Throughout history people like J.R.R. Tolkien have been misunderstood and judged. Before you can judge the work of a man you must know something about the man. I am sending some interesting articles I have read in reference to The Lord of the Ring so that you may come to own conclusions. My first impression from the Holy Spirit at its release, was that the Lord of the Rings was really, the contradiction or opposing force to Harry Potter. Read a quote from the article in mention below:

'Myths, C.S. Lewis told Tolkien, were "lies and therefore worthless, even though breathed through silver."

"No," Tolkien replied. "They are not lies." Far from being lies they were the best way - sometimes the only way - of conveying truths that would otherwise remain inexpressible. We have come from God, Tolkien argued, and inevitably the myths woven by us, though they contain error, reflect a splintered fragment of the true light, the eternal truth that is with God.

Such a revelation changed C.S. Lewis' whole conception of Christianity, precipitating his conversion...' (end of quote).
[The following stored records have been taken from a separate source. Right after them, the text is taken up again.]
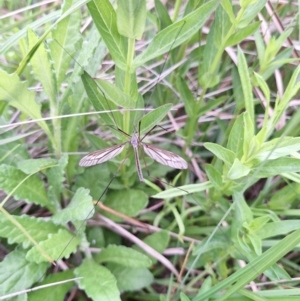 Ptilogyna sp. (genus) at South East Forest National Park - suppressed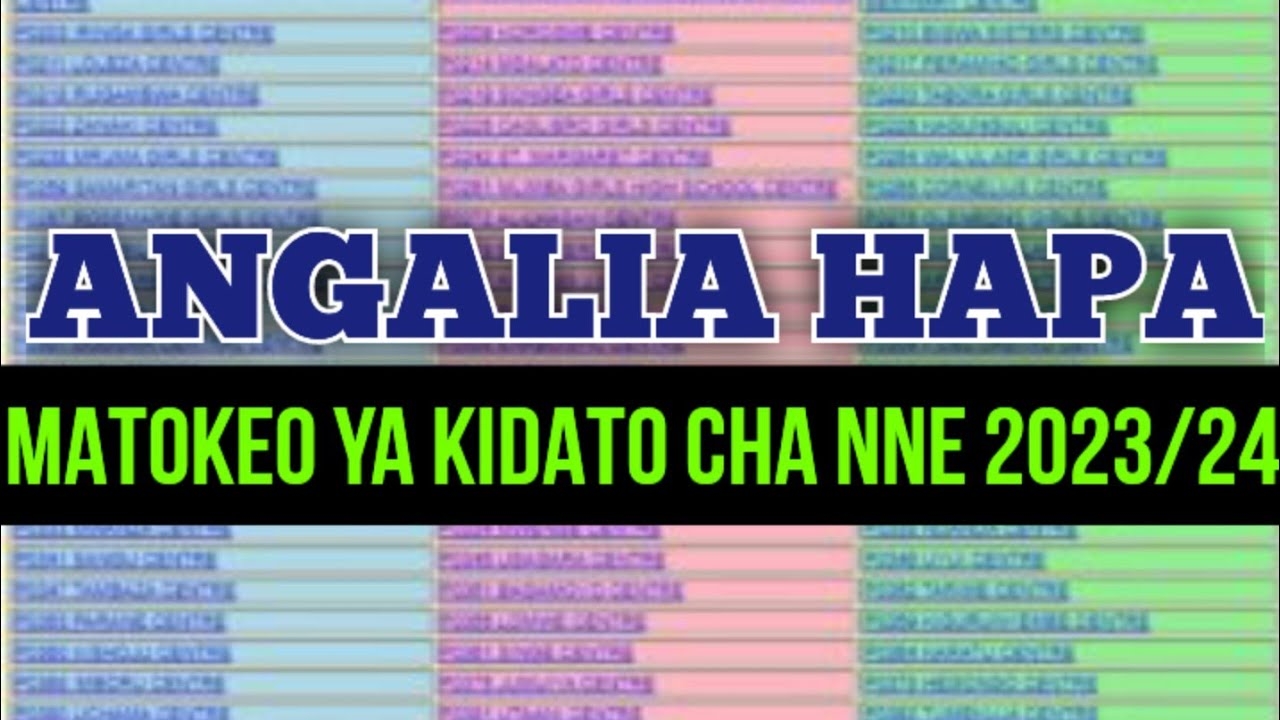 JINSI YA KUANGALIA MATOKEO YA KIDATO CHA NNE 2023 NECTA FORM FOUR RESULT 2023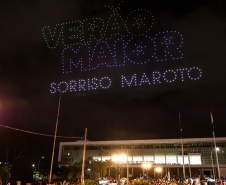 DRONES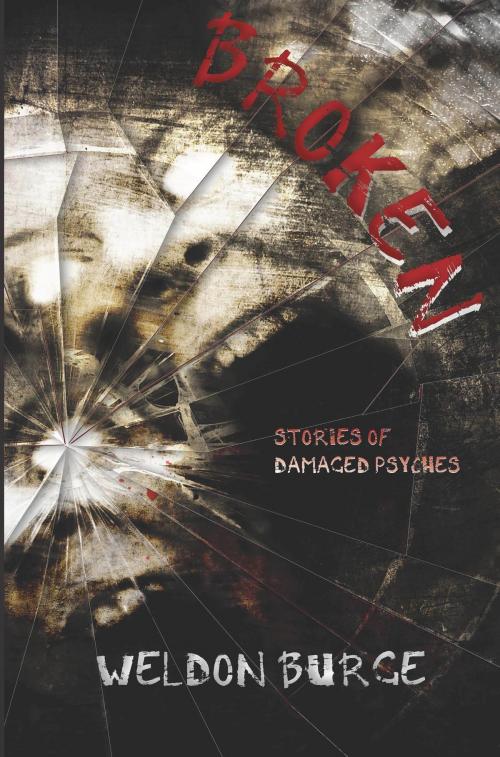 Cover of the book Broken: Stories of Damaged Psyches by Weldon Burge, Smart Rhino Publications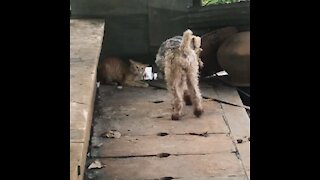 Oscar the Dog POTUS Greets a Cat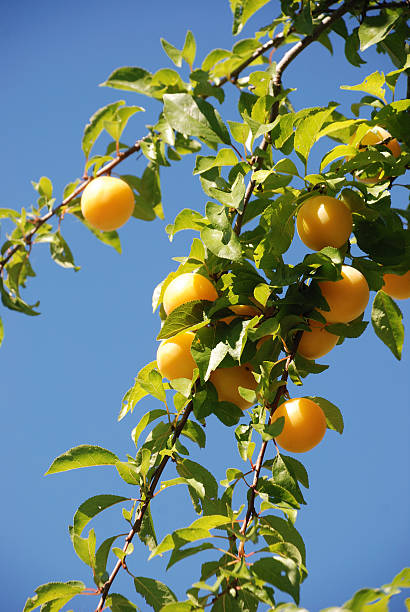 istock part of a branch with plum 177387746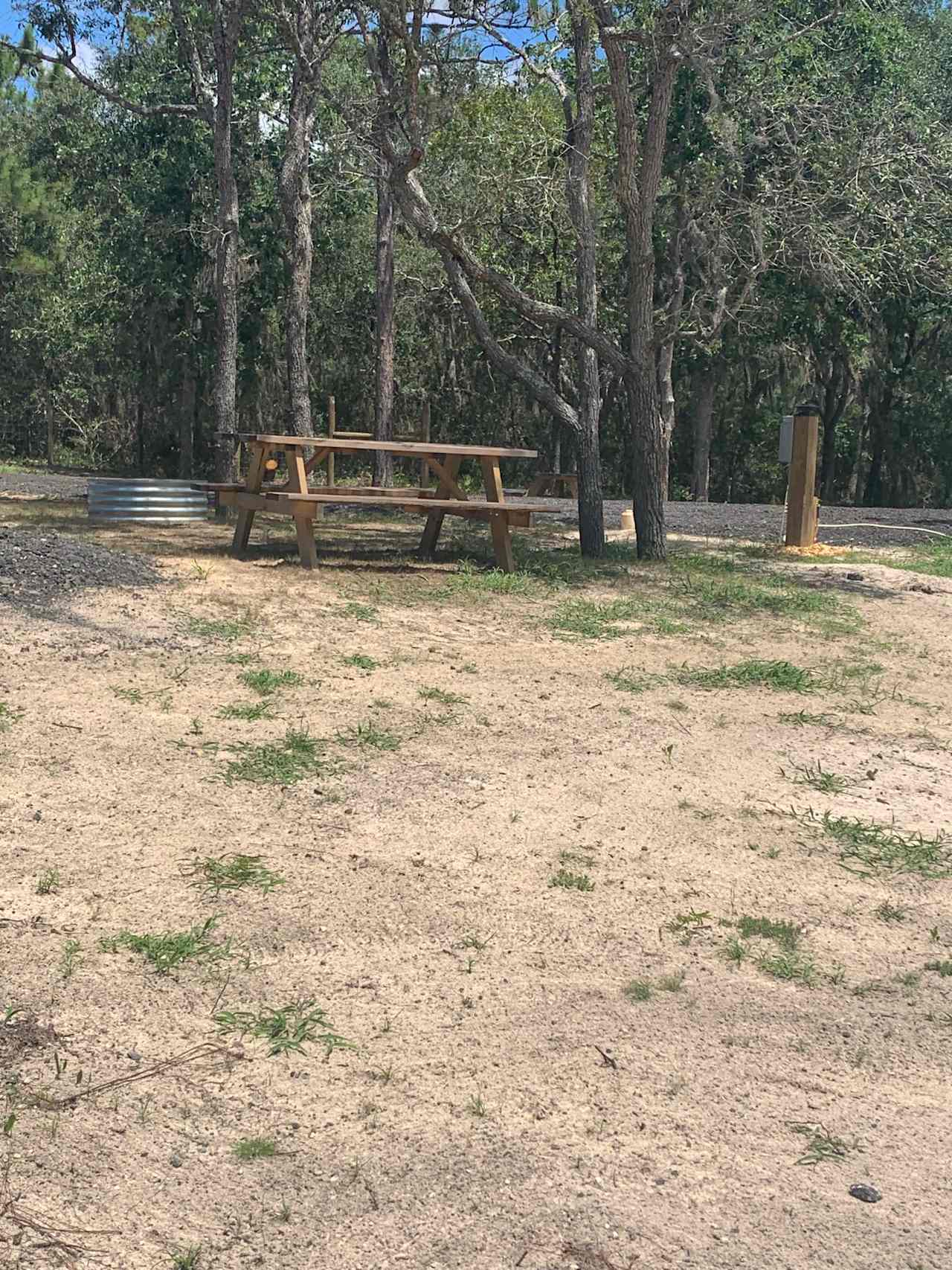 Tide and Timber Too
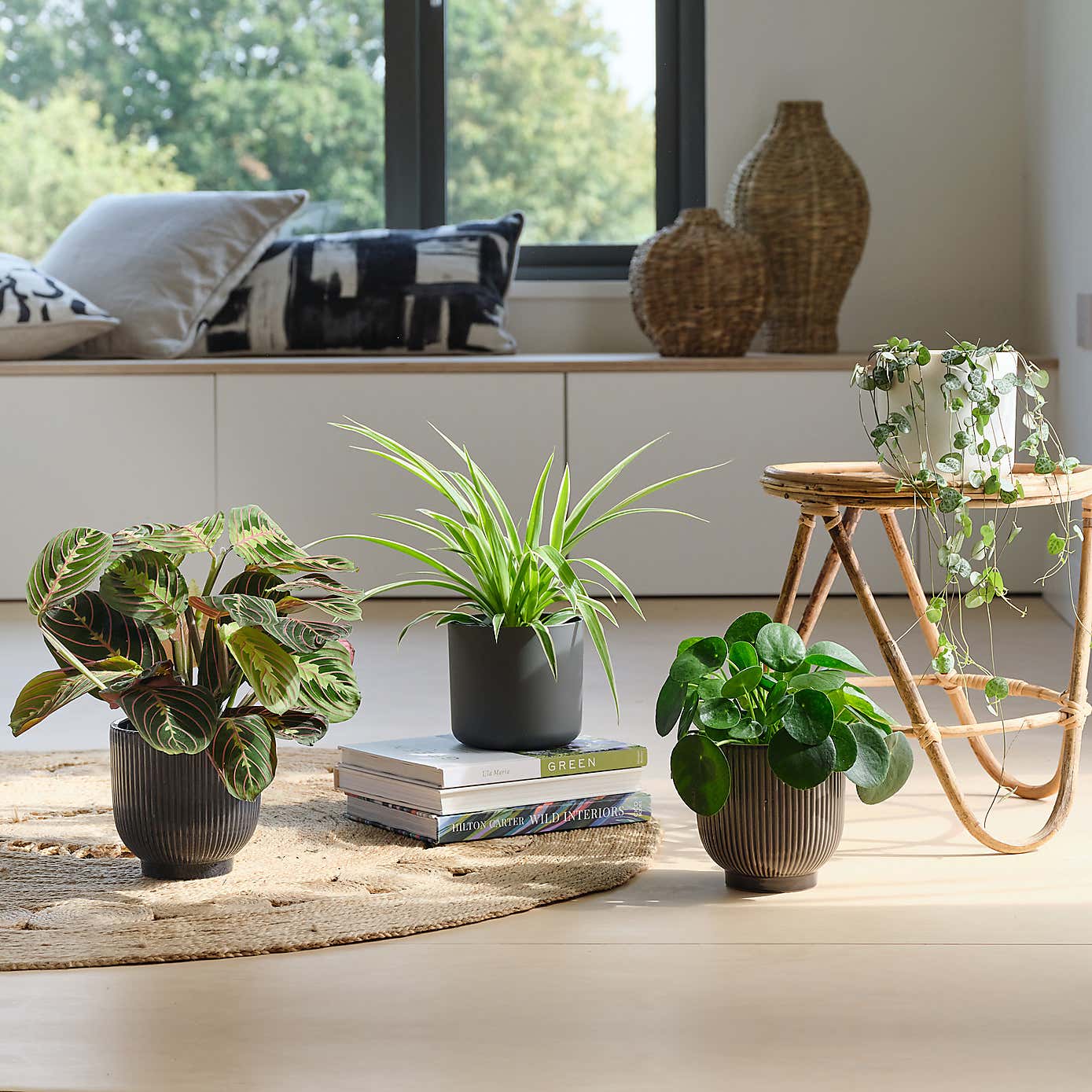 Pet Friendly Potted House Plant Bundle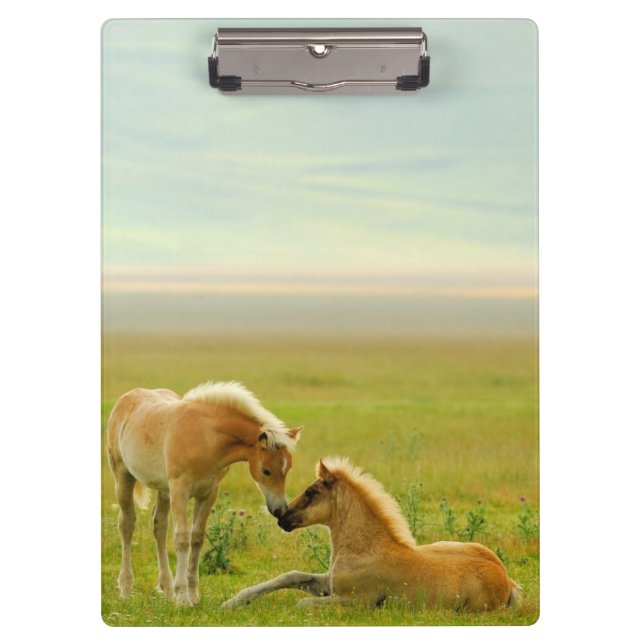 Horse Foals Clipboard (Front)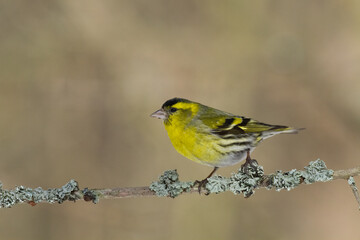 Bird Siskin Carduelis spinus male, small yellow bird, winter time in Poland Europe	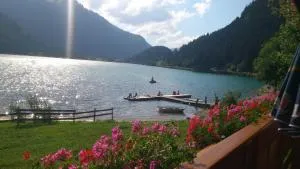 Appartementhaus Fischerstraum am Haldensee - Nesselwängle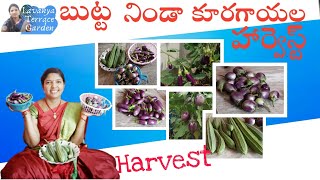 బుట్ట నిండా కూరగాయల హార్వెస్ట్ || Harvest || Organic Garden || Lavanya Terrace Garden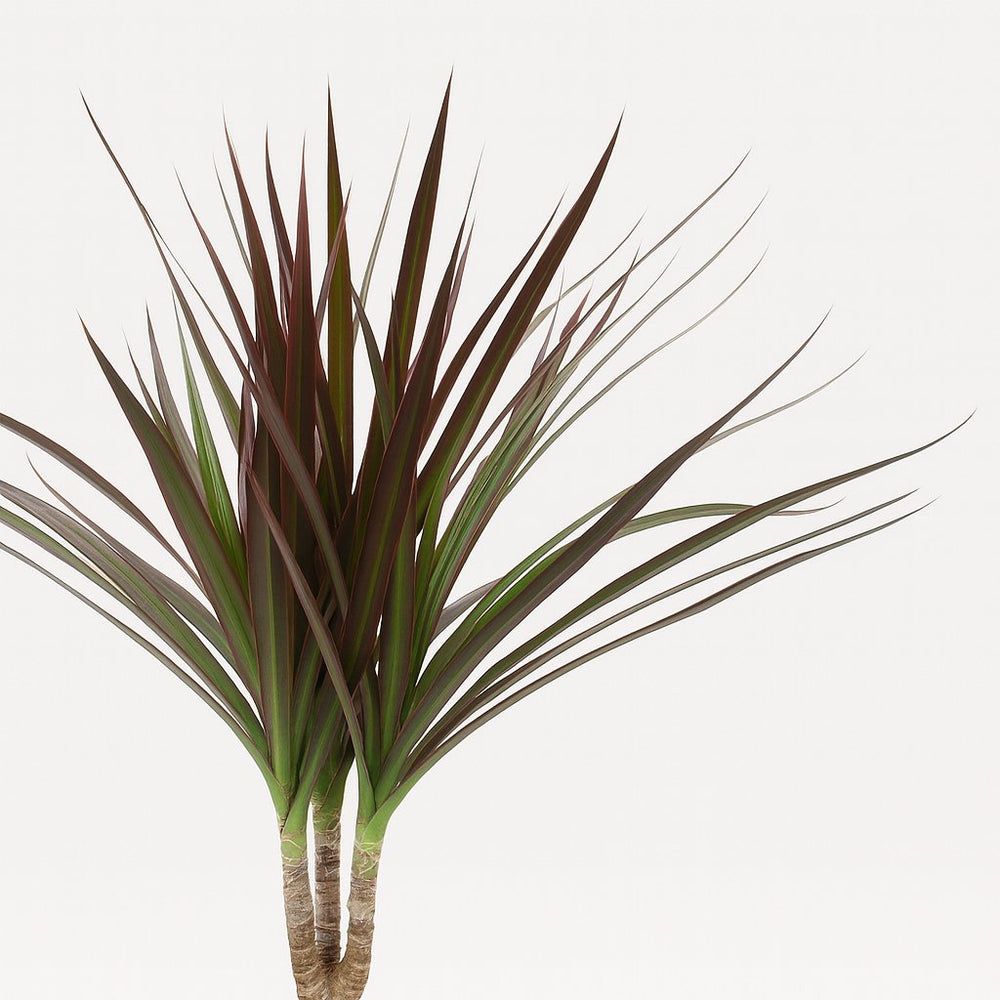 Dracaena Magenta 50cm im Ø12cm Topf Nahaufnahme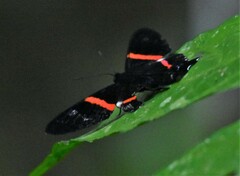 Ancyluris inca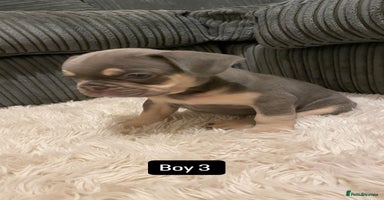 French Bulldog dogs - Advert 3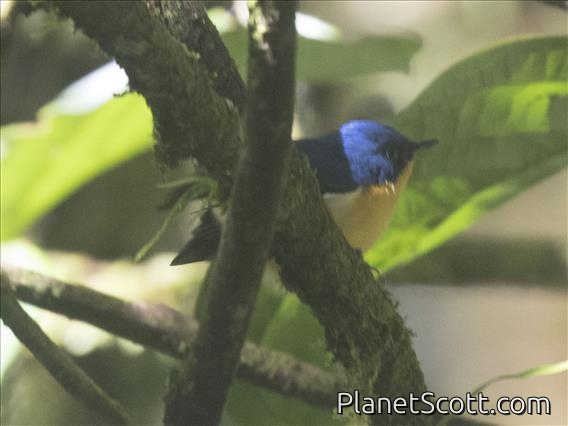 Pygmy Flycatcher (Ficedula hodgsoni)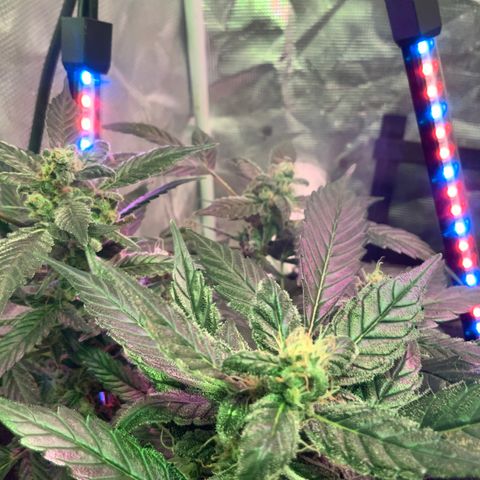 Next Generation Uschi growlog timeline photo
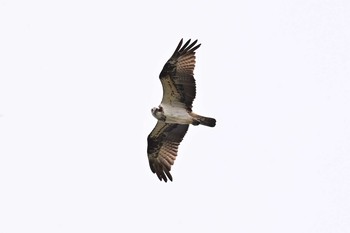 Osprey 乙部町元和台 Tue, 6/29/2021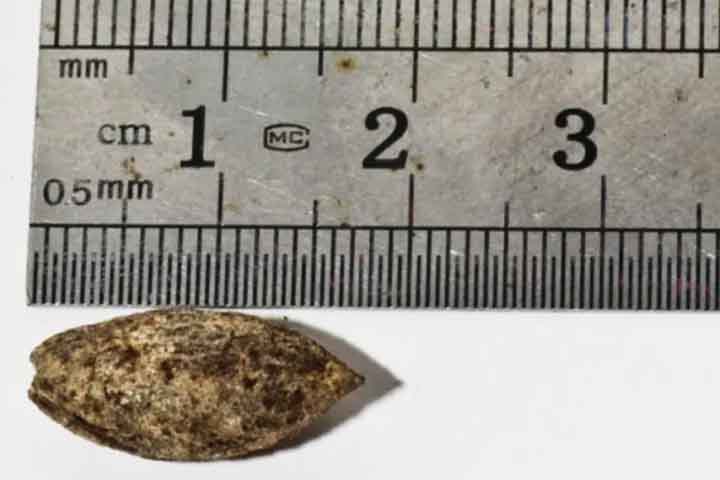 <p>Os botânicos identificaram que a semente pertence ao gênero Commiphora, ao qual estão associadas espécies capazes de produzir resinas valiosas, que servem para medicamentos, perfumes e incensos. Ela data entre 993 e 1202 d.c. e pode ser uma remanescente de árvores da região onde hoje estão Israel, Palestina e Jordânia. A árvore plantada pelos cientistas é semelhante à que continha o bálsamo de Gilead, que aparece em relatos sobre a rainha de sabá, porém não contêm os compostos aromáticos.</p>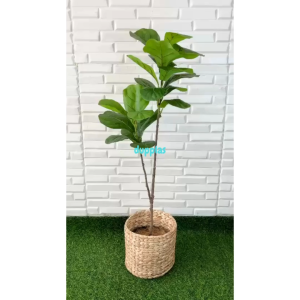 Pohon Artificial Tanaman Hias Ketapang X2 T100 Latex Cover Pot Eceng Gondok Dekorasi Apartemen Pajangan Sudut Rumah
God is speaking profoundly to a world grasping for spiritual truth and experience. I pray that the church does not miss again this awesome responsibility and opportunity. Prophets in each generation have the power to derail or incubate harvest by their perceptions and opinions. God was using a culture and its music to reach a generation in the 60's and 70's. Modern day prophetic voices ultimately aborted this by their judgments and words. I pray in this great hour that the prophetic voices of our day do not repeat this fatal error.

Below is an insightful article by Jim Ware which was first published in Breakaway Magazine a young adult periodical produced by Focus on the Family. You will discover interesting insights into the story and even more importantly the man, J.R.R. Tolkien. You can find the book "Finding God in the Lord of the Rings" by Kurt Bruner and Jim Ware at . Now enjoy the article below. Chad Taylor

Finding God in The Lord of the Rings

by Jim Ware

September, 1931

It was a dark and stormy night. Well, windy, at any rate. On the grounds of Magdalen College, Oxford, two tweed-jacketed, pipe-puffing professors go crunching down the gravel path known as Addison's Walk, under the deeper shadows of a grove of trees. "Look!" says one of them, a tall, long-faced fellow with the furrowed brow and twinkling eyes of a sage . . . or wizard. He points to a large oak. "There it stands," he says, "its feet in the earth, its head among the stars. A majestic miracle of creation! And what do we call it? A tree." He laughs. "The word falls absurdly short of expressing the thing itself."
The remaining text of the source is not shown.